Co-fractionation mass spectrometry (CF-MS) is a method by which endogenous and unmanipulated protein complexes can be analysed on a broad scale in single experiments. CF-MS involves extensive biochemical fractionation of protein complexes using one or more non-denaturing chromatographic techniques (e.g. size exclusion chromatography (SEC)), followed by quantitative proteomics of each fraction. Subunits from the same intact complex will have highly correlated fractionation profiles.
Despite its demonstrated utility (1-2), best practice approaches for CF-MS remain undefined.
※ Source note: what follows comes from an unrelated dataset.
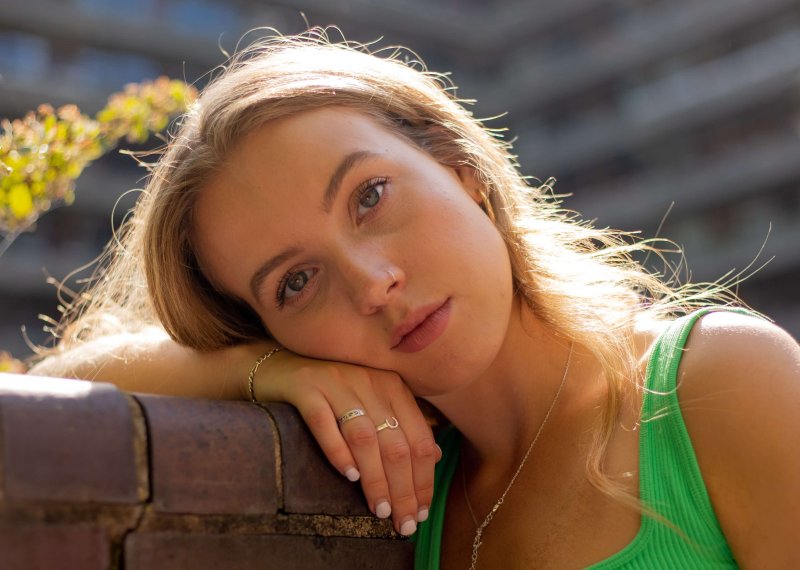 Graduate Eva Gadd wearing a bright green tank top and leaning against a red brick wall, with large block of flats in the background.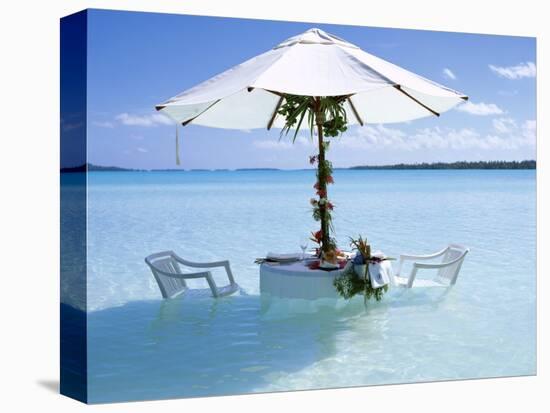 White Table, Chairs and Parasol in the Ocean, Bora Bora (Borabora), Society Islands-Mark Mawson-Premier Image Canvas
Here we gain insight into how to best collect and interpret CF-MS data by benchmarking CF-MS datasets against gold standard complexes in Saccharomyces cerevisiae, one of the few organisms for which high proteome-coverage reference libraries of gold standard complexes exist.
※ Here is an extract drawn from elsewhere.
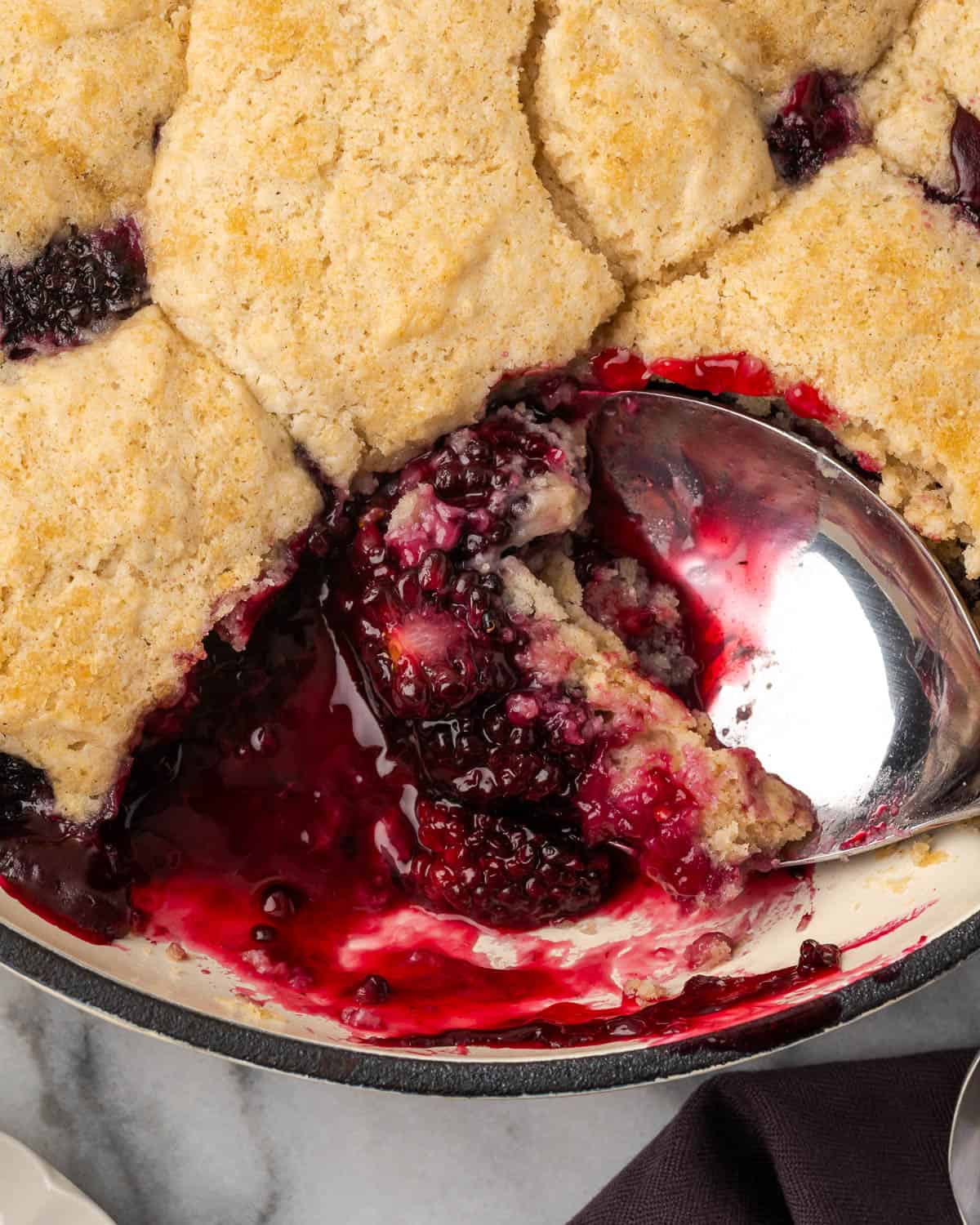 A large serving spoon scooping into a pan of gluten free blackberry cobbler.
By benchmarking experimental and modelled CF-MS datasets, we find that co-analysis of data from complementary biochemical fractionation methods (e.g. using Fisher’s combined probability test) identifies complexes with greater efficiency than stand-alone biochemical fractionation. Systematic identification of gold standard complexes using 17 correlation metrics indicates that some metrics (e.g. Spearman correlation) are more effective than others (e.g. Mutual Information).
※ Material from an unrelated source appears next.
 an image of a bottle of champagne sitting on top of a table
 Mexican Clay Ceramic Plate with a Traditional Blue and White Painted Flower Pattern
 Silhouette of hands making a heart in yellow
Many fractionation profiles that were unable to be benchmarked were nonetheless highly correlated, and thus possibly derived from novel complexes. Principal component analysis of gold standard and putative novel complexes indicated that novel complexes frequently elute in later SEC fractions, and are therefore often small. To test the effects of using orthogonal data (e.g. Gene Ontology) to assist in the prediction of these novel complexes, the Extending ‘Guilt-by-Association’ by Degree R package (3) was used. These analyses found that identifications of gold standard complexes are likely to benefit from the integration of GO data, whereas predictions of novel complexes are not. This suggests that orthogonal experimental validation (e.g. cross-linking mass spectrometry) may be required to validate novel complexes in CF-MS datasets.